§ Problem description: Each line of the data should be duplicated precisely.
○ ○ ○ ○ ○
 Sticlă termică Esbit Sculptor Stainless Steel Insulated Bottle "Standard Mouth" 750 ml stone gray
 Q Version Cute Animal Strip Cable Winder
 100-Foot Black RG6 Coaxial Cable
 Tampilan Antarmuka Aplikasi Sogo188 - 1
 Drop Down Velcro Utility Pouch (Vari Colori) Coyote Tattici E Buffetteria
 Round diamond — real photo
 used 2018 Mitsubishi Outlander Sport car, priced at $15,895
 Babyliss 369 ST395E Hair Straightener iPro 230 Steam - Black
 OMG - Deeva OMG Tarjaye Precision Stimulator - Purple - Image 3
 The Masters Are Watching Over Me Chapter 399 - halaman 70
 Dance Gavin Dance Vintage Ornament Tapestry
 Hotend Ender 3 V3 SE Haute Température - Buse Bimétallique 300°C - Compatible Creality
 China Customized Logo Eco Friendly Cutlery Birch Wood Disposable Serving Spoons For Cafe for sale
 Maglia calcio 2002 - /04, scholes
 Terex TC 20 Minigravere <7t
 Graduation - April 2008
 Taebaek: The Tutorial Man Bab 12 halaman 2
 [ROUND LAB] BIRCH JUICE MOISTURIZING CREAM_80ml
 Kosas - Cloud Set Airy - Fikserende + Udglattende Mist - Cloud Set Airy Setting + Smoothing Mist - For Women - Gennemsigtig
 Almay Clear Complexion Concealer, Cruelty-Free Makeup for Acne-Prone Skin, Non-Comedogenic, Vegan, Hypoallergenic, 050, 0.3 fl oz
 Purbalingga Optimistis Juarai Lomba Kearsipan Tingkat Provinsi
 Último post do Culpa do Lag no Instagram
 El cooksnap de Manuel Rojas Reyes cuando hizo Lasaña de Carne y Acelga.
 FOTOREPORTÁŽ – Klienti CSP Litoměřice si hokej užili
○ ○ ○ ○ ○
§ Result for this task:
 Sticlă termică Esbit Sculptor Stainless Steel Insulated Bottle "Standard Mouth" 750 ml stone gray
 Q Version Cute Animal Strip Cable Winder
 100-Foot Black RG6 Coaxial Cable
 Tampilan Antarmuka Aplikasi Sogo188 - 1
 Drop Down Velcro Utility Pouch (Vari Colori) Coyote Tattici E Buffetteria
 Round diamond — real photo
 used 2018 Mitsubishi Outlander Sport car, priced at $15,895
 Babyliss 369 ST395E Hair Straightener iPro 230 Steam - Black
 OMG - Deeva OMG Tarjaye Precision Stimulator - Purple - Image 3
 The Masters Are Watching Over Me Chapter 399 - halaman 70
 Dance Gavin Dance Vintage Ornament Tapestry
 Hotend Ender 3 V3 SE Haute Température - Buse Bimétallique 300°C - Compatible Creality
 China Customized Logo Eco Friendly Cutlery Birch Wood Disposable Serving Spoons For Cafe for sale
 Maglia calcio 2002 - /04, scholes
 Terex TC 20 Minigravere <7t
 Graduation - April 2008
 Taebaek: The Tutorial Man Bab 12 halaman 2
 [ROUND LAB] BIRCH JUICE MOISTURIZING CREAM_80ml
 Kosas - Cloud Set Airy - Fikserende + Udglattende Mist - Cloud Set Airy Setting + Smoothing Mist - For Women - Gennemsigtig
 Almay Clear Complexion Concealer, Cruelty-Free Makeup for Acne-Prone Skin, Non-Comedogenic, Vegan, Hypoallergenic, 050, 0.3 fl oz
 Purbalingga Optimistis Juarai Lomba Kearsipan Tingkat Provinsi
 Último post do Culpa do Lag no Instagram
 El cooksnap de Manuel Rojas Reyes cuando hizo Lasaña de Carne y Acelga.
 FOTOREPORTÁŽ – Klienti CSP Litoměřice si hokej užili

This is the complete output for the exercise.